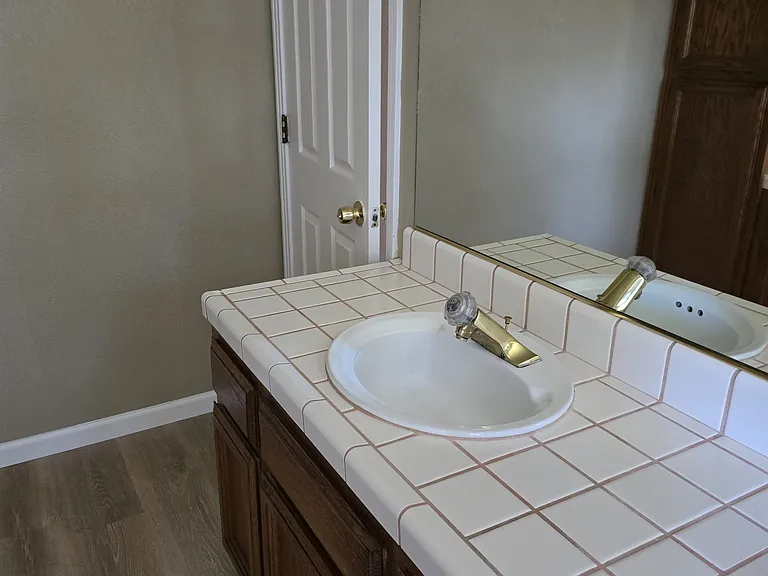 421 Community Dr — Photo 16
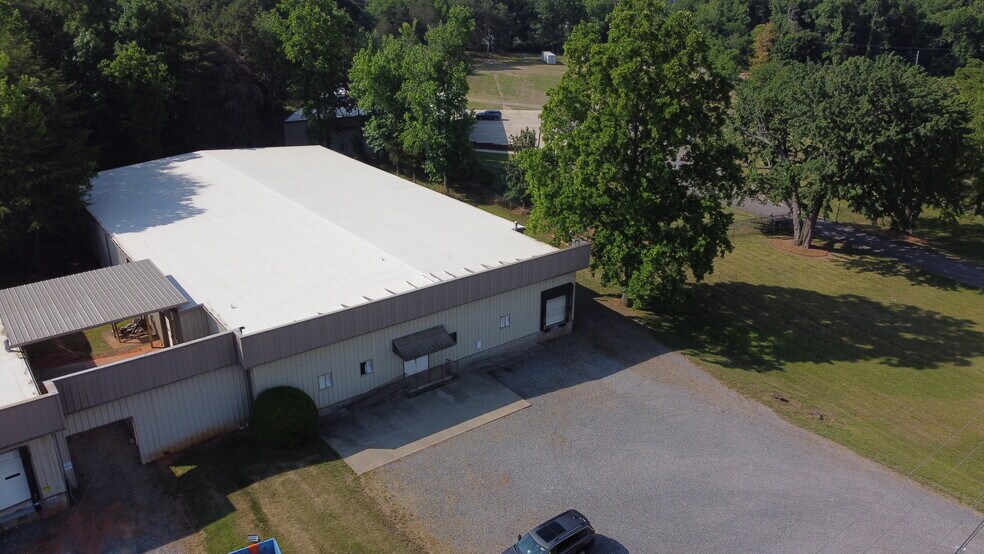 2460 Davie Ave, Statesville, NC à louer - Photo de l’immeuble – Image 2 sur 5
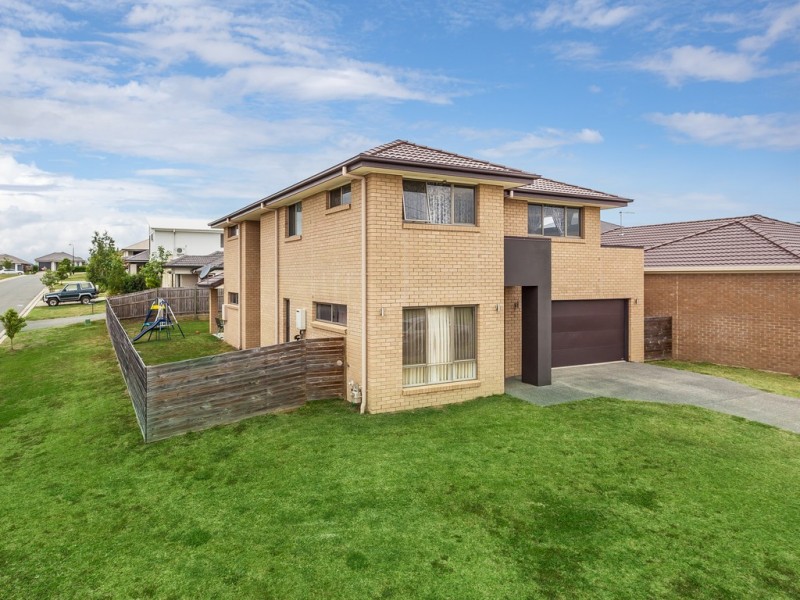 11 Elderflower Circuit, Griffin QLD 4503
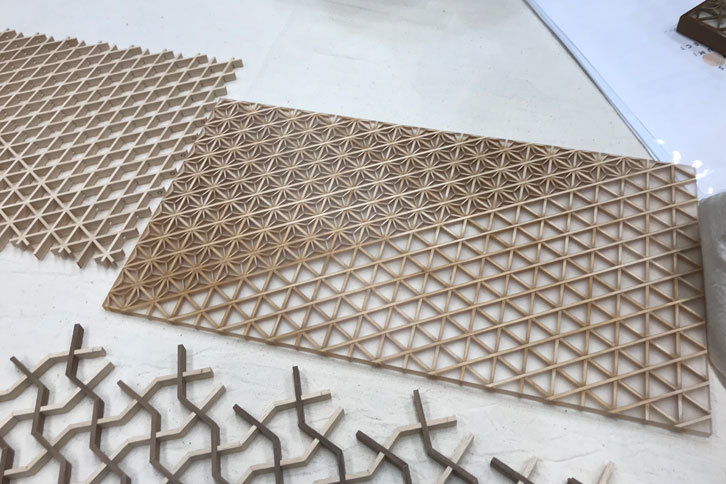 厚さ2mmほどの木の板を組み合わせて、正三角形のコマを作り、その中に葉と呼ばれる部品を入れて文様を作り出している。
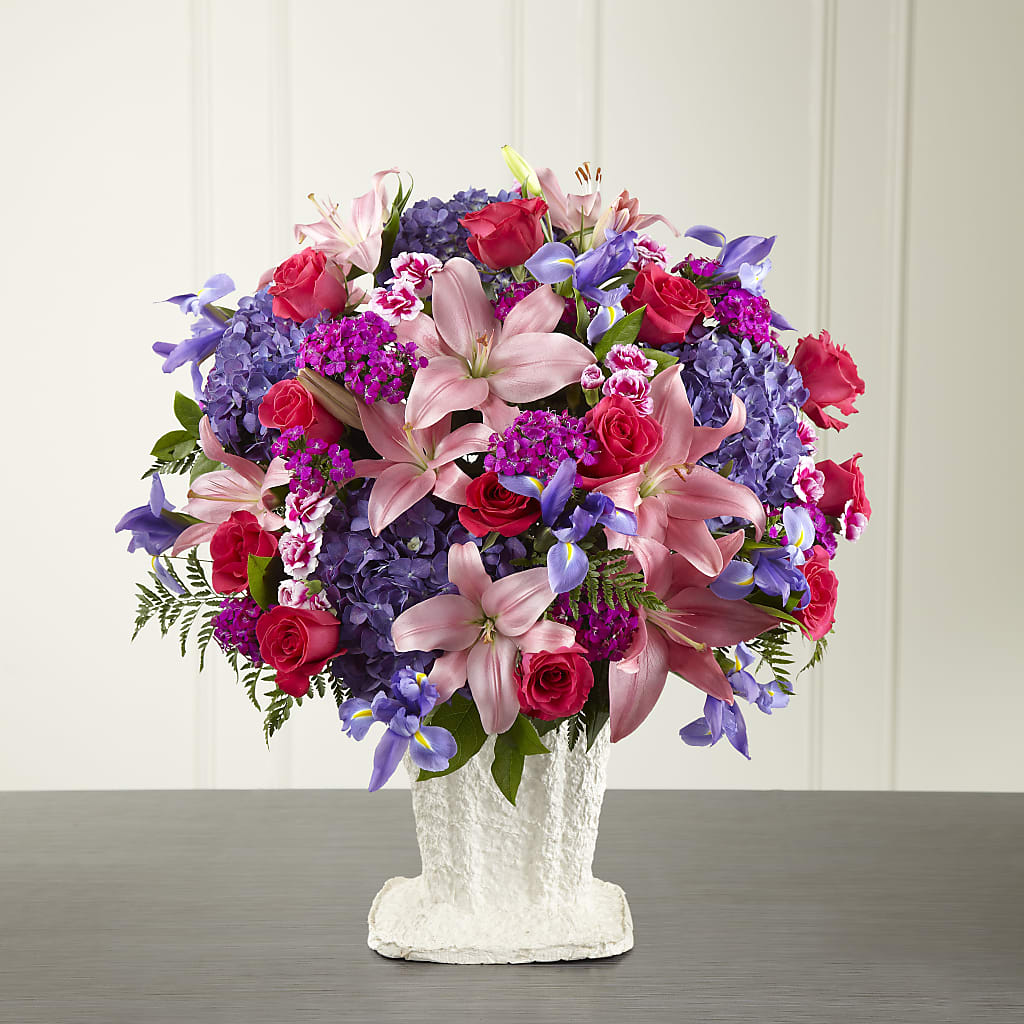 We Fondly Remember Arrangement – Holtschlag Florist, Quincy IL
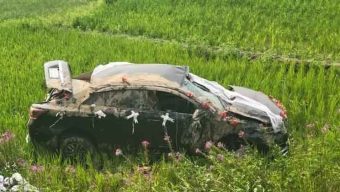 রেলক্রসিংয়ে আটকে পড়া বরের গাড়িতে ট্রেনের ধাক্কা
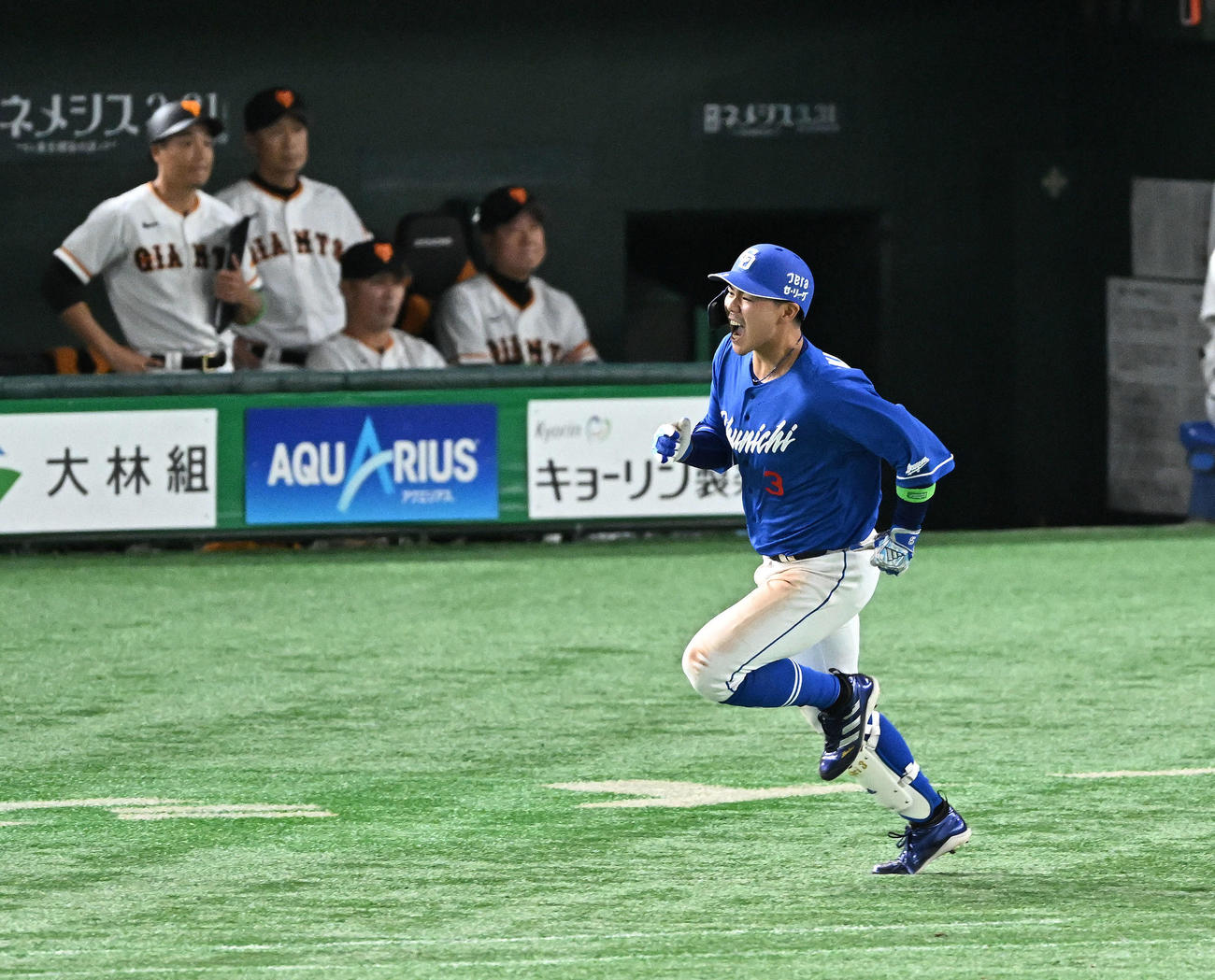 巨人対中日　9回表中日1死満塁、高橋周は2点適時二塁打を放ちさけぶ（撮影・滝沢徹郎）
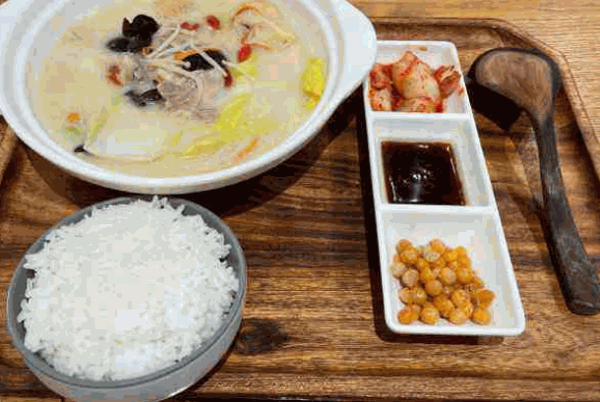 猪肚鸡汤饭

:: What to work on ::
Your answer must be the lines from the one containing "11 Elderflower Circuit, Griffin QLD 4503" through the last line of the records, both included, written out exactly and without pictures.

:: Task solution ::
 11 Elderflower Circuit, Griffin QLD 4503
 厚さ2mmほどの木の板を組み合わせて、正三角形のコマを作り、その中に葉と呼ばれる部品を入れて文様を作り出している。
 We Fondly Remember Arrangement – Holtschlag Florist, Quincy IL
 রেলক্রসিংয়ে আটকে পড়া বরের গাড়িতে ট্রেনের ধাক্কা
 巨人対中日　9回表中日1死満塁、高橋周は2点適時二塁打を放ちさけぶ（撮影・滝沢徹郎）
 猪肚鸡汤饭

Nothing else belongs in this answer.